Luther was once again so overtaken by the letter that he didn’t see the torrent of tears that flowed or the trembles that shook Marie. The layer of tears lining her bottom eyelid gleamed in her eyes. The sun had set.

   ‘What happened to Sergeant Jim?’ and Luther steals a peek at his watch. 8 more minutes. Come on Marie.

   Her larynx bobs down when she swallowed and forced the words that had troubled her whole life.      ‘ He had nightmares. He couldn’t sleep for many nights. When sleep came, he exploded as he woke up. The War. The goddamn War killed him. All because a bunch of fools couldn’t shut their wretched mouths.’

   ‘He should have died there. The jimmy who shyly flirted with me asked me out as I tended to his wound was not the same Jimmy that came back with the golden stars on his shoulder. He refused to talk about it and I obliged reluctantly. He dreamt about the girl a lot. It was her benevolence that ultimately saved him. Maybe she shouldn’t have.’

   Luther couldn’t stop himself from interrupting. ‘ Did he say anything else about the girl he met in Offenberg?’
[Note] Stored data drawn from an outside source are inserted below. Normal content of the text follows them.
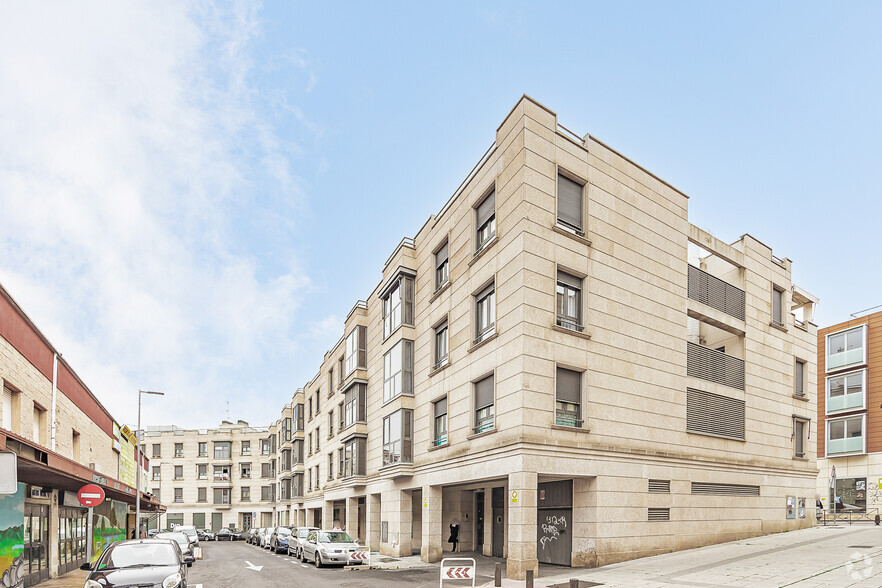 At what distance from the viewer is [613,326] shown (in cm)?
2317

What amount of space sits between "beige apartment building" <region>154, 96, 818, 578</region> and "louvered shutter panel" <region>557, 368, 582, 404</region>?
7cm

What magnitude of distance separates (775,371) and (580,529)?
47.8 ft

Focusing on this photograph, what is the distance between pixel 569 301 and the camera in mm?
22578

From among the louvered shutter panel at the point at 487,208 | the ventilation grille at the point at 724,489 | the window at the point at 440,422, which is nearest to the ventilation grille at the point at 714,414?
the ventilation grille at the point at 724,489

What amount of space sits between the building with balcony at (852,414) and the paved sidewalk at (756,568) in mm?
21750

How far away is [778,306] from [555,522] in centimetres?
1712

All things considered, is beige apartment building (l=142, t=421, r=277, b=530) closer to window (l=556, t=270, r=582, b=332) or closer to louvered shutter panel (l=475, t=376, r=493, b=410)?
louvered shutter panel (l=475, t=376, r=493, b=410)

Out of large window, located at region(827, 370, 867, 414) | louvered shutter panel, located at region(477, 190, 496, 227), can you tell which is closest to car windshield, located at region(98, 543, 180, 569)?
louvered shutter panel, located at region(477, 190, 496, 227)

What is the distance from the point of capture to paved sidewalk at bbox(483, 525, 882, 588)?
635 inches

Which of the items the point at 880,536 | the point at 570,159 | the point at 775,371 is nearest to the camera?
the point at 570,159

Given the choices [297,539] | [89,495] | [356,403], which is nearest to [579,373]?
[89,495]

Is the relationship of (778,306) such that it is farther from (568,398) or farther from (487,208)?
(487,208)

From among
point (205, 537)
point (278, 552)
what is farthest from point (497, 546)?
point (205, 537)

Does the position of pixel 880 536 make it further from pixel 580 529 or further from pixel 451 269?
pixel 451 269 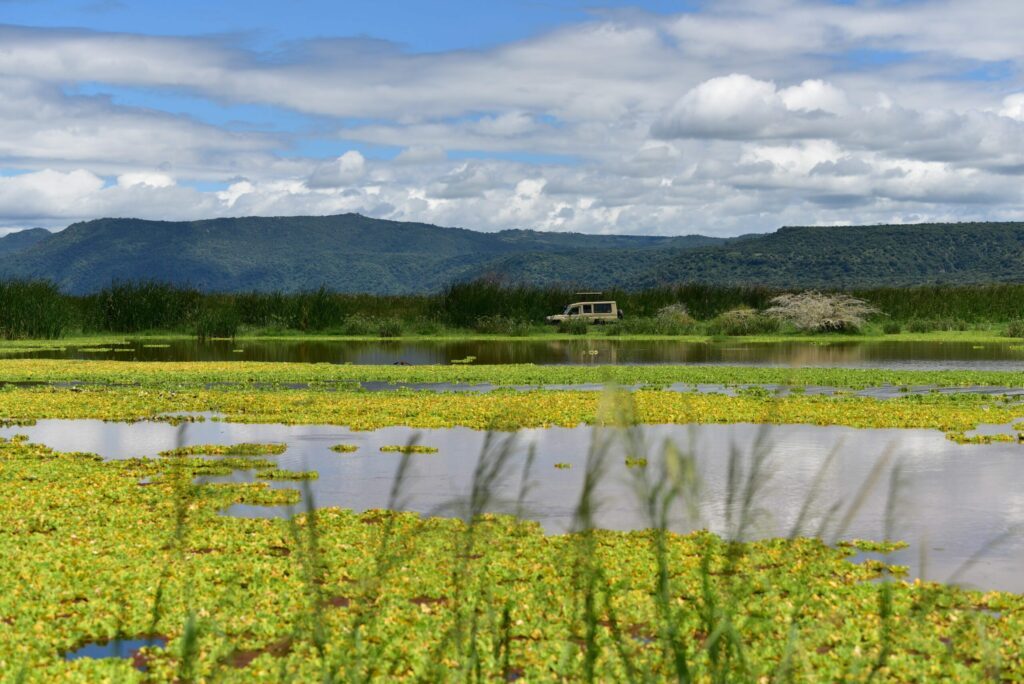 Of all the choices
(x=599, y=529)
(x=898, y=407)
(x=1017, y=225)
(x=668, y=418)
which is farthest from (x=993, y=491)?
(x=1017, y=225)

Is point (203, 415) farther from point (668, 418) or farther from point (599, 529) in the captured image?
point (599, 529)

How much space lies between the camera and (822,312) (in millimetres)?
56250

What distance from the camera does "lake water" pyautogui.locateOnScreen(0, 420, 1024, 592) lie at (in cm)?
1138

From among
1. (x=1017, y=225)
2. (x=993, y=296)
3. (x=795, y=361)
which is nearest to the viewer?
(x=795, y=361)

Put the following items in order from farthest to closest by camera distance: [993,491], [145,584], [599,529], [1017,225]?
[1017,225], [993,491], [599,529], [145,584]

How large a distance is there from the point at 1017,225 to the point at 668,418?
146 metres

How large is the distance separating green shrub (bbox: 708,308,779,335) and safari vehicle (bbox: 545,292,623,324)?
526 cm

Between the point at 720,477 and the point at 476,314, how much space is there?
142 feet

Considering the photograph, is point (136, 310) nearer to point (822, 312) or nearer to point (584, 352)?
point (584, 352)

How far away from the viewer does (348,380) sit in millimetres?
29766

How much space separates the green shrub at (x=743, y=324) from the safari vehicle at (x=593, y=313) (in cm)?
526

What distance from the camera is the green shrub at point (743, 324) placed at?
55688 mm

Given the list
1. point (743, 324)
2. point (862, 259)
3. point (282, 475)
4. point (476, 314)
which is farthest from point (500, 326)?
point (862, 259)

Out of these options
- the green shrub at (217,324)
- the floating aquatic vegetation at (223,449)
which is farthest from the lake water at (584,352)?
the floating aquatic vegetation at (223,449) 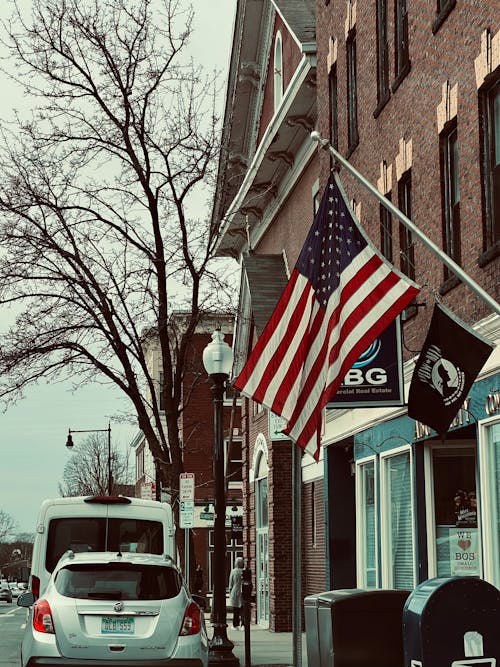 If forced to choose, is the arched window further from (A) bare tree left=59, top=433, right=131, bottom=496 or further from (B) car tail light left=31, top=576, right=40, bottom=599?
(A) bare tree left=59, top=433, right=131, bottom=496

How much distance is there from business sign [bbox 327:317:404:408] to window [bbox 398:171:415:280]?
1164 millimetres

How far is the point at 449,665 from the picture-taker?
298 inches

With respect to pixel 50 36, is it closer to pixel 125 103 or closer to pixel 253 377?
pixel 125 103

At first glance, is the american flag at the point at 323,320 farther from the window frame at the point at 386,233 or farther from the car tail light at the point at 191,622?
the window frame at the point at 386,233

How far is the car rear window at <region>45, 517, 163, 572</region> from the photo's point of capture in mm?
17625

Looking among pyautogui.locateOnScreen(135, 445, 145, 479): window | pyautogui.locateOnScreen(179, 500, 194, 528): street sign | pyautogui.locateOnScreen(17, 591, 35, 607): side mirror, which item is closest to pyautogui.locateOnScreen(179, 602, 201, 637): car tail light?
pyautogui.locateOnScreen(17, 591, 35, 607): side mirror

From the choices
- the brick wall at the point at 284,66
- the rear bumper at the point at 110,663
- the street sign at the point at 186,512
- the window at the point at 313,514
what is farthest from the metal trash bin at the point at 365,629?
the brick wall at the point at 284,66

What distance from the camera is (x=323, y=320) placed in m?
10.7

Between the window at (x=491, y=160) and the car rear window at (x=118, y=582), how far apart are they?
4905 mm

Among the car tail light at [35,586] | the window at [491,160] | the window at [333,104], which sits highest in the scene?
the window at [333,104]

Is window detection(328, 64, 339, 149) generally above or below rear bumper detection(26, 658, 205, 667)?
above

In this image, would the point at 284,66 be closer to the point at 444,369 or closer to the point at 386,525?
the point at 386,525

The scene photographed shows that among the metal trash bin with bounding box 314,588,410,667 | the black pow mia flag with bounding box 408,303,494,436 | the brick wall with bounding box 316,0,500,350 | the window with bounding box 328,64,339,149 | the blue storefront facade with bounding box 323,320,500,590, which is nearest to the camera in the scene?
the metal trash bin with bounding box 314,588,410,667

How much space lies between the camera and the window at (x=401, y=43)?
1775cm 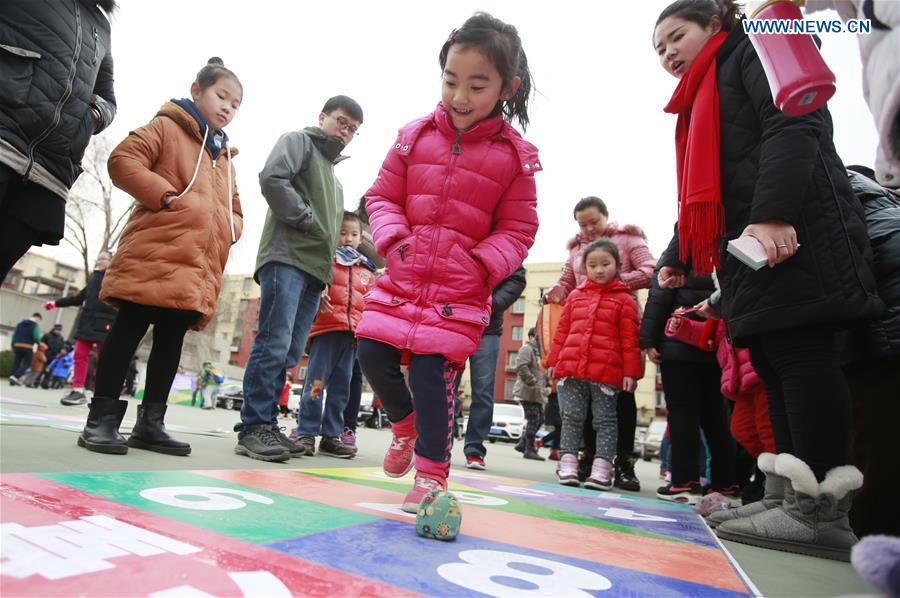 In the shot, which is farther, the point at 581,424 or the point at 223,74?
the point at 581,424

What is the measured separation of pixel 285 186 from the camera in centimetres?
307

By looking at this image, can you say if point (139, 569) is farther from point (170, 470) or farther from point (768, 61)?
point (768, 61)

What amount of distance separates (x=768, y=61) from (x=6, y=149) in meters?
2.29

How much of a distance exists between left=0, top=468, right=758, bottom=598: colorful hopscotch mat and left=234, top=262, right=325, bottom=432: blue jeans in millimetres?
947

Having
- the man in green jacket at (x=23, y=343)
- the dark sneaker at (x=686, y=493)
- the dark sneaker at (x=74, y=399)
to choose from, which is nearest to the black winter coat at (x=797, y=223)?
the dark sneaker at (x=686, y=493)

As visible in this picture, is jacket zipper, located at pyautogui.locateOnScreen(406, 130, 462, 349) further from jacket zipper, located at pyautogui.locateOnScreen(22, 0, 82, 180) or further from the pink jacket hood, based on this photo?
the pink jacket hood

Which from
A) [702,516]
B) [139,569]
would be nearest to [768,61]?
[139,569]

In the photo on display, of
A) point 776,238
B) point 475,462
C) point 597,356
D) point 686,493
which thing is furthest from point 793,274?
point 475,462

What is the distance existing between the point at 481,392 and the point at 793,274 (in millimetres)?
3006

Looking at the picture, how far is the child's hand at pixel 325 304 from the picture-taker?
3.62m

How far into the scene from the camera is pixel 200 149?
284 cm

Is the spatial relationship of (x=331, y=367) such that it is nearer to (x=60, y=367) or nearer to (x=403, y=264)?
(x=403, y=264)

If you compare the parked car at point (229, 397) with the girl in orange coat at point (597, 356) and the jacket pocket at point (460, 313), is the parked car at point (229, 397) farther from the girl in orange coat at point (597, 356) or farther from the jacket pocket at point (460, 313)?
the jacket pocket at point (460, 313)

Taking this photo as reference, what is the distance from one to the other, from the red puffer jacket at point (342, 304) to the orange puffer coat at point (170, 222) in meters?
1.01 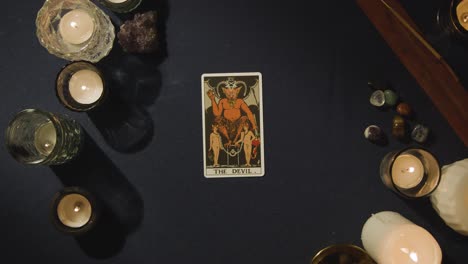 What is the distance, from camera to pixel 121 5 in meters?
1.21

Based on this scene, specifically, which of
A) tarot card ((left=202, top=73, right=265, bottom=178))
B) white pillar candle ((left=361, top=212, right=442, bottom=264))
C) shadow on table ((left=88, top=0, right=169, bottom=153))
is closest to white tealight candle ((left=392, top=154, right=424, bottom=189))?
white pillar candle ((left=361, top=212, right=442, bottom=264))

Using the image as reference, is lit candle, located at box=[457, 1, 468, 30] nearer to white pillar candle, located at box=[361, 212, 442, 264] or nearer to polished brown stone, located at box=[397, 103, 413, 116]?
polished brown stone, located at box=[397, 103, 413, 116]

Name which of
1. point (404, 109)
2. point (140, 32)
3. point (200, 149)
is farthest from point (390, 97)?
point (140, 32)

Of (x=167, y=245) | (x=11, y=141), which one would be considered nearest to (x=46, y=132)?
(x=11, y=141)

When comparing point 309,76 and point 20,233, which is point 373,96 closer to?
point 309,76

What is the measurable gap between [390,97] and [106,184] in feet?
3.12

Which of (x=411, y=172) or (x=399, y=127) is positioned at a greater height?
(x=399, y=127)

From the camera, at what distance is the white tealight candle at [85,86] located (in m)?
1.22

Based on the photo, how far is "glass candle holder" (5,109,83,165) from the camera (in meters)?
1.14

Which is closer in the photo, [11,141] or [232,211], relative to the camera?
[11,141]

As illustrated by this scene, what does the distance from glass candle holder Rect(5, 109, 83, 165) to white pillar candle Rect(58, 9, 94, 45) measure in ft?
0.83

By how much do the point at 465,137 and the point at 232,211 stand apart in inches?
31.2

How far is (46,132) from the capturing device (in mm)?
1212

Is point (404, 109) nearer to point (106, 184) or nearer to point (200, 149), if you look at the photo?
point (200, 149) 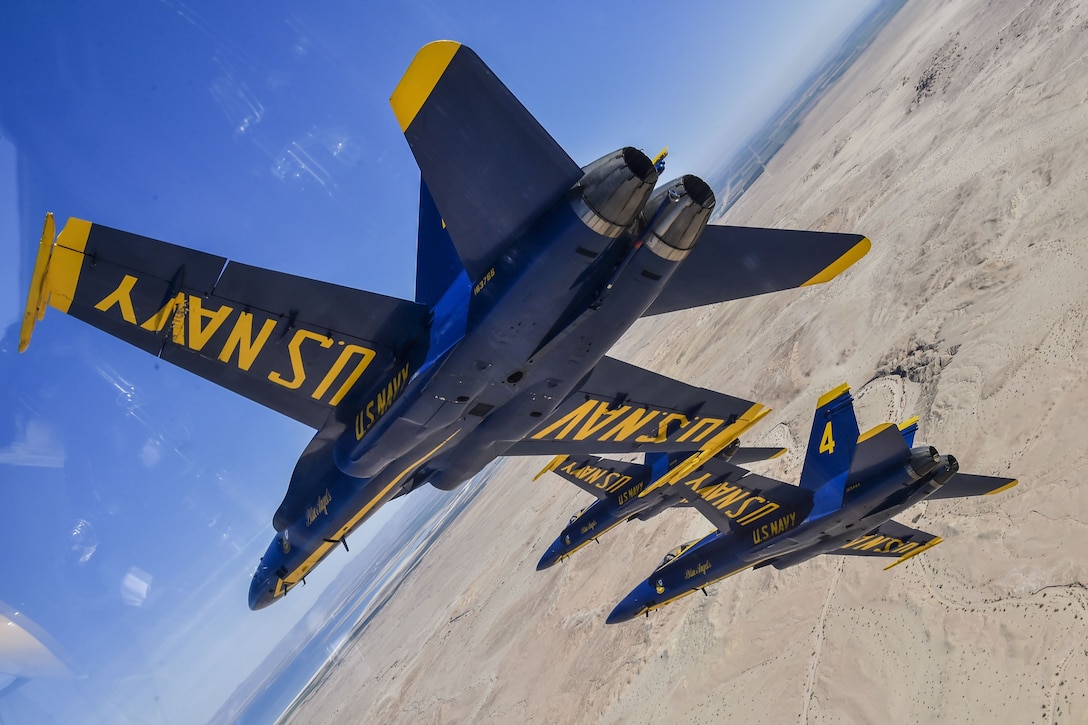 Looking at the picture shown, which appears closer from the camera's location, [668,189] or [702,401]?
[668,189]

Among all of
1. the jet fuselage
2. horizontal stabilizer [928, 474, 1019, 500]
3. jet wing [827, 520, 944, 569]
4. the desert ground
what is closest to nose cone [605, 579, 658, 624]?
the jet fuselage

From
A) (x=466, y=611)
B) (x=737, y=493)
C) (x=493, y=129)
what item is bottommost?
(x=466, y=611)

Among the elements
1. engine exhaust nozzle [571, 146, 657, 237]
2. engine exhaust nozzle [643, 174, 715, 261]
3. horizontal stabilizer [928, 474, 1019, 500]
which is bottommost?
horizontal stabilizer [928, 474, 1019, 500]

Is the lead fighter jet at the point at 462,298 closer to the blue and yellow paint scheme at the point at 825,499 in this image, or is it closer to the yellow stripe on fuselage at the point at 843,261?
the yellow stripe on fuselage at the point at 843,261

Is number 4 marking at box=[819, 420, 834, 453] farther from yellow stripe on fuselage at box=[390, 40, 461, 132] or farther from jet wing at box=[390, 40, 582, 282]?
yellow stripe on fuselage at box=[390, 40, 461, 132]

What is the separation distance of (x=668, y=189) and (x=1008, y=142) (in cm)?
5454

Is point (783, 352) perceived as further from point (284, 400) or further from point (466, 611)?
point (284, 400)

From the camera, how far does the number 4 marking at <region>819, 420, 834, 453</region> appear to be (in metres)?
17.7

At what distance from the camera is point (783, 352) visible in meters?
50.6

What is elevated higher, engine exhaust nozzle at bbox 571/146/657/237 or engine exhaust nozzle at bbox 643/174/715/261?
engine exhaust nozzle at bbox 571/146/657/237

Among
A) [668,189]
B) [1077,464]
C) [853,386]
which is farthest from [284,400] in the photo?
[853,386]

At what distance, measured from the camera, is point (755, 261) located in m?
8.45

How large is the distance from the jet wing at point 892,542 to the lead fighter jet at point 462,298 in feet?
38.9

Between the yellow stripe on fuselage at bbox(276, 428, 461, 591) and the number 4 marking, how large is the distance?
12.0 m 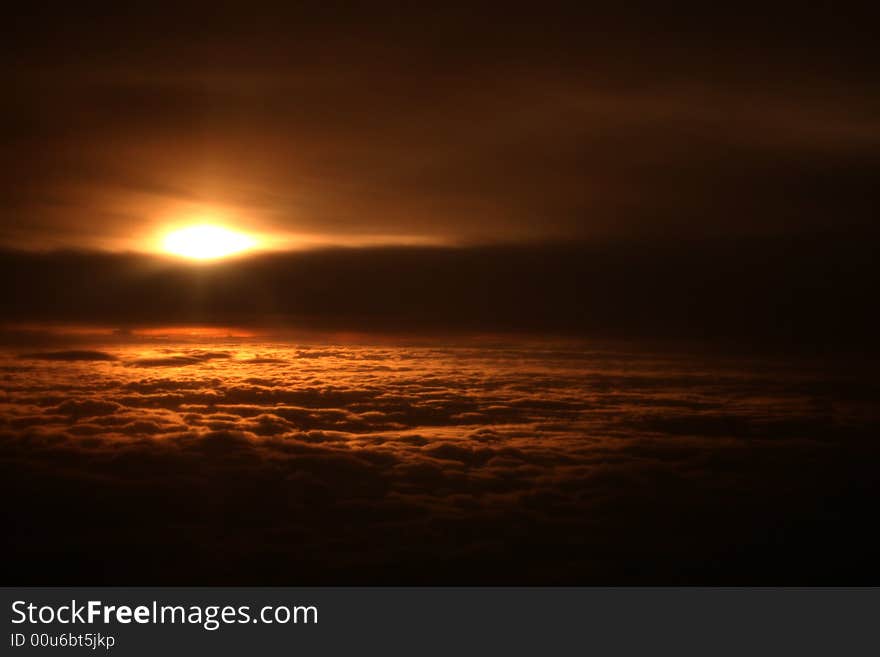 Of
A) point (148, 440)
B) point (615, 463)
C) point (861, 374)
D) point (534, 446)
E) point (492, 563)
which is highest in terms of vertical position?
point (861, 374)

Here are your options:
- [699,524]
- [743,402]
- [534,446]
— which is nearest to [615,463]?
[534,446]

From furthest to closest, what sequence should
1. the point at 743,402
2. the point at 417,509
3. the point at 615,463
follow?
the point at 743,402 < the point at 615,463 < the point at 417,509

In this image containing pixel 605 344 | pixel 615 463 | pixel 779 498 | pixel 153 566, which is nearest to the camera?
pixel 153 566

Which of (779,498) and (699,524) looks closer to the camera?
(699,524)

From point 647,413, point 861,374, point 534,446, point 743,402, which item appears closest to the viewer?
point 534,446

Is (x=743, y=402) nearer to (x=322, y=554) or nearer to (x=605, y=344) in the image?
(x=322, y=554)

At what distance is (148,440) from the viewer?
59.4ft

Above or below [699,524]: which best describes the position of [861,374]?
above

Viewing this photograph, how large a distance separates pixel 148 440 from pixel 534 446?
10187mm

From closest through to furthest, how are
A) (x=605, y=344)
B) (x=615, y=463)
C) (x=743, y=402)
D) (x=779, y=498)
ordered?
(x=779, y=498)
(x=615, y=463)
(x=743, y=402)
(x=605, y=344)

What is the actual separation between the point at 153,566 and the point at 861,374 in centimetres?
3806

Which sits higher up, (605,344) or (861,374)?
(605,344)

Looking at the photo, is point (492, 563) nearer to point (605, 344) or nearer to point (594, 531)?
point (594, 531)

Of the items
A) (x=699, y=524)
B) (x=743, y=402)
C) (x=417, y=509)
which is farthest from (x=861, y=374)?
(x=417, y=509) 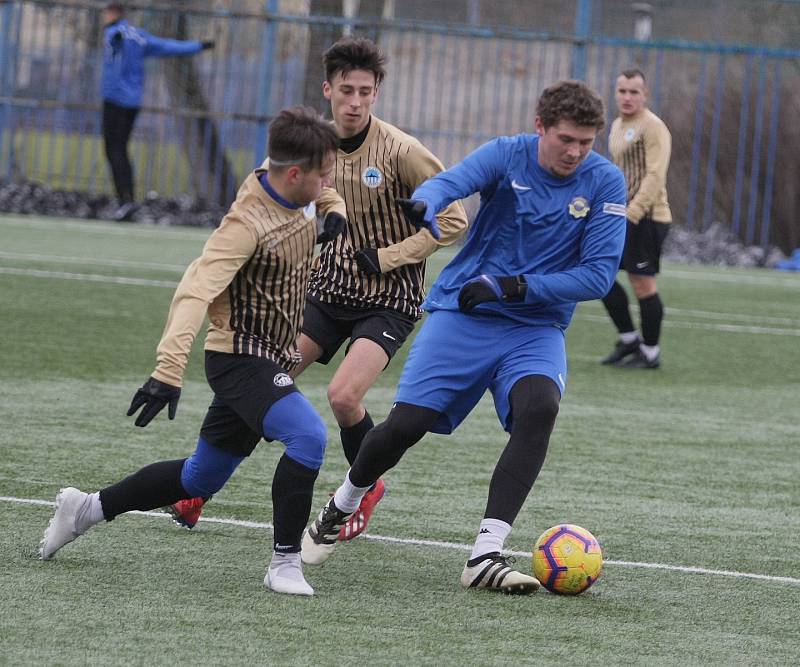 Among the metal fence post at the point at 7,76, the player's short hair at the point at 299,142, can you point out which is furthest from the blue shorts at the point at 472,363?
the metal fence post at the point at 7,76

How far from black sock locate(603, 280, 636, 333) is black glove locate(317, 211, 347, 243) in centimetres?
604

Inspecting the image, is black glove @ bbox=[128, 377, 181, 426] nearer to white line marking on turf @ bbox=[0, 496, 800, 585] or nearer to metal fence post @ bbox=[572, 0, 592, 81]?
white line marking on turf @ bbox=[0, 496, 800, 585]

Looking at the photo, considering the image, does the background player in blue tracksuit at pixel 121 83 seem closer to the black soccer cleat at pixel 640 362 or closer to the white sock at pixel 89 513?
the black soccer cleat at pixel 640 362

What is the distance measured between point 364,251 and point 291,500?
1.43m

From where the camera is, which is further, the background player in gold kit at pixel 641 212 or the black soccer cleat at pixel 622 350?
the black soccer cleat at pixel 622 350

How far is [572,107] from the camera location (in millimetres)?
5332

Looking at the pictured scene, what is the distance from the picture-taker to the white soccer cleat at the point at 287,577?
4820mm

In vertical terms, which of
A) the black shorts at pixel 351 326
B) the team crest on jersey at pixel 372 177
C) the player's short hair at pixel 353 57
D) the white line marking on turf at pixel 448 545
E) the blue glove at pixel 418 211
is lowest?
the white line marking on turf at pixel 448 545

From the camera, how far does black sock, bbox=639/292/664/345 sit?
36.0 ft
   ‘When the troops barged into Offenberg with the reinforcements, he found her or what was left of her among a pile of rubble.  Her house had been burned down in the attack.It must have been horrible for him.  Maybe that was the tipping point but I will never know. In the summer of 1946, I found him sleeping peacefully beside a bottle of pills.  And I think that was the best sleep he got. These wars have a twisted way of weeding out the innocence  and planting the seedlings of death‘

‘Its time’ says the orderly who seemed to have metamorphosed out of air. A tear begins its descent down the summit of her cheek and he tries to weigh the mix of her emotions but he couldn’t get anywhere near it.

   ‘Thank you, Mrs. Higins’.The words resonate with gratefulness.

   ‘ Keep the doll and the bag. I have found my peace and will always love him.  I don’t need them no more. ’    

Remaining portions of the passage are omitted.